I put six different materials to the tests, PLA, PLA-CF, ABS, PETG, ASA and Nylon. We will see which one is the strongest, by doing strength tests to failure.
Spur vs Helical vs Herringbone Gears
All right, so first let’s compare the different types of gears, spur, helical and herringbone gears.
Spur gears are the simplest type of gears, featuring straight teeth mounted parallel to the gear’s axis. The teeth of helical gears, on the other hand, are set on an angle relative to the gear’s axis. Herringbone gears are a combination of two opposite helical gears with right and left helix.
In the real-world or in the industry, spur gears are usually the first choice when exploring gears option, because they are the easiest and cheapest to manufacture. Then come the helical gears as more difficult and expensive to manufacture. And lastly, the herringbone gears are the most complex and expensive to manufacture.
However, in the world of 3D printing, manufacturing or making or 3D printing any of these three types of gears is exactly same and as simple as it gets.
A 3D printer can easily print any tooth profile and layer by layer, form the gear. So, in this comparison, the manufacturing cost won’t be taken into consideration, but let’s take a look at the other advantages and disadvantages each gear type has.
Spur gears are the most efficient gear type because they have the least amount of contact surface when the gears are engaged. The contact surface is a straight line and occurs suddenly with each tееth engagement.
This sudden contact though, is the negative side of the spur gears, as it causes impact loading to the teeth. That affects the gear load capabilities and durability, as well as results in increased noise and vibration.

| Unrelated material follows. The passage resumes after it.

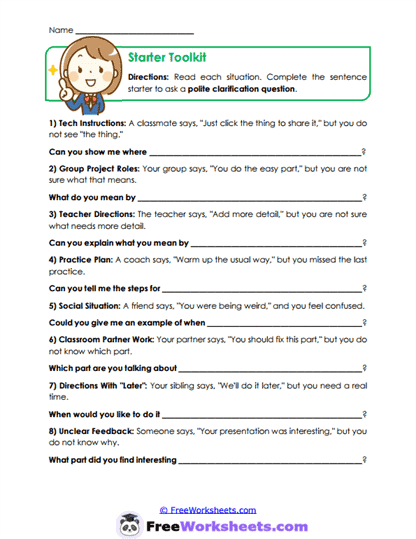 Starter Toolkit Worksheet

On the other hand, helical gears provide smoother and quieter operation, have better load carrying capacity, longer life and can be used at higher speeds. That’s so because the contact between the meshing teeth occurs gradually.
It starts as a point, and gradually becomes a line, and then lives as a point. On top of that, at any given point, they have more contact surface compared to spur gears. We can notice from this demo that three or two teeth are always engaged in the power transmission, whereas in case of spur gears, two or at some point only one tooth carries the whole load.

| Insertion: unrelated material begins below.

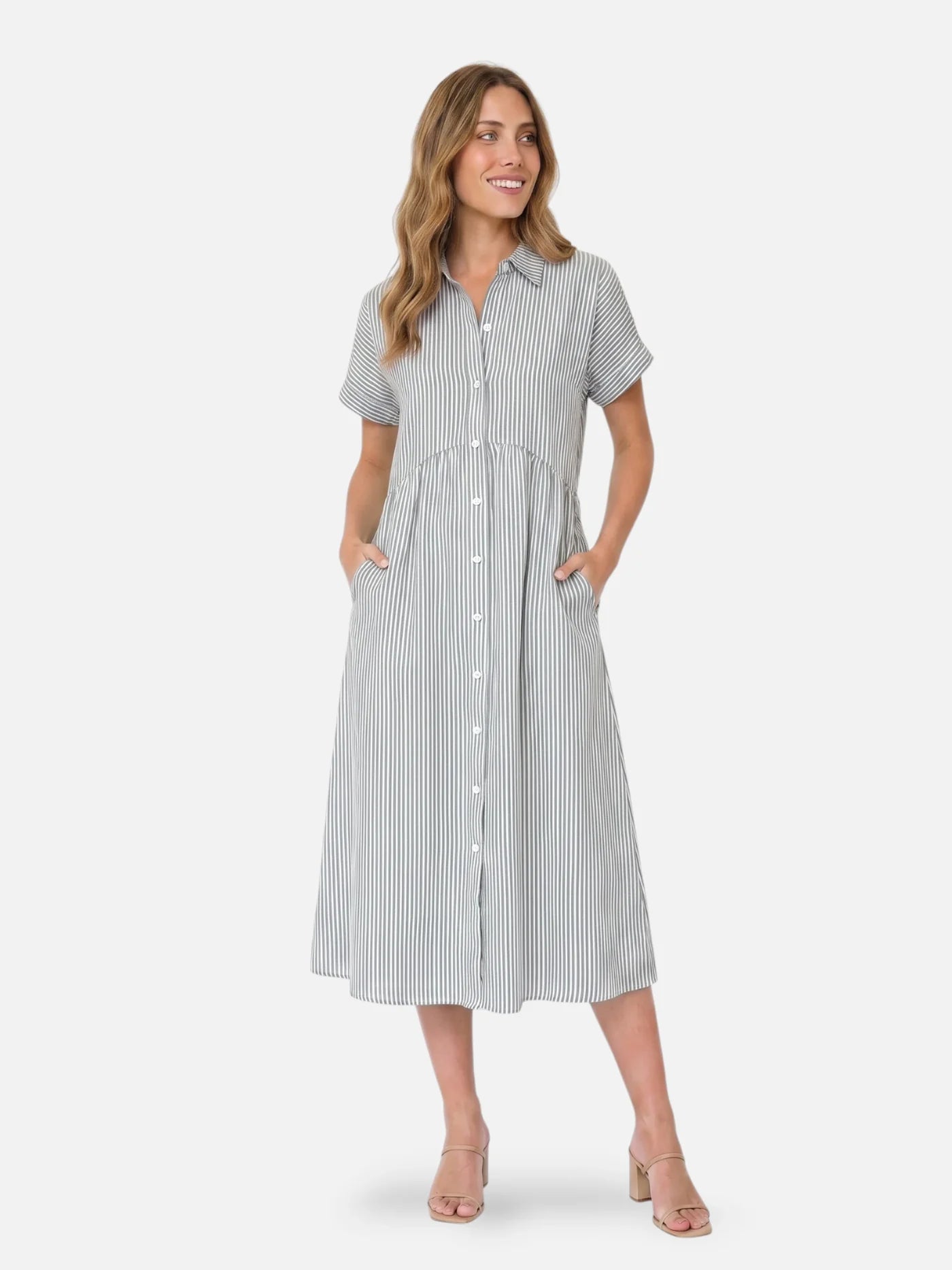 Women's Striped Midi Shirt Dress with Collar and Flared Skirt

However, like most things in life, all these features of the helical gears come at a price, and that’s the introduction of axial force due to inclined teeth.
Depending on the helix angle which ranges from 15 to 25 degrees, a significant axial force can occur which must be taken into consideration when designing the gearing system. We can clearly notice that from this test.

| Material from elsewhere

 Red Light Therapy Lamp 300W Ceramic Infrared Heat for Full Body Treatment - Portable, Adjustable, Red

As I apply radial force to the gear, an axial force occurs which tends to move the gear out of its place.
In order to avoid this axial force, there is the herringbone gear which is basically two opposite helical gears with left and right helix.
In this way the axial forces that occur cancel out, and so we have all the great features from the helical gears without any axial force acting on the gears. But then again, we get another disadvantage, and that’s difficulty in assembling the gearing system. With spur and helical gears, we can simply slide in the gears in place, and they will start meshing, even if one of them is rotating.
With herringbone gears, we cannot do that. We should first mesh the gears, and then put them in place on the shafts at the same time or insert the shafts afterwards.
Designing Gears
Nevertheless, now let’s put the 3D printed gears to the test and see what results we will get from each type.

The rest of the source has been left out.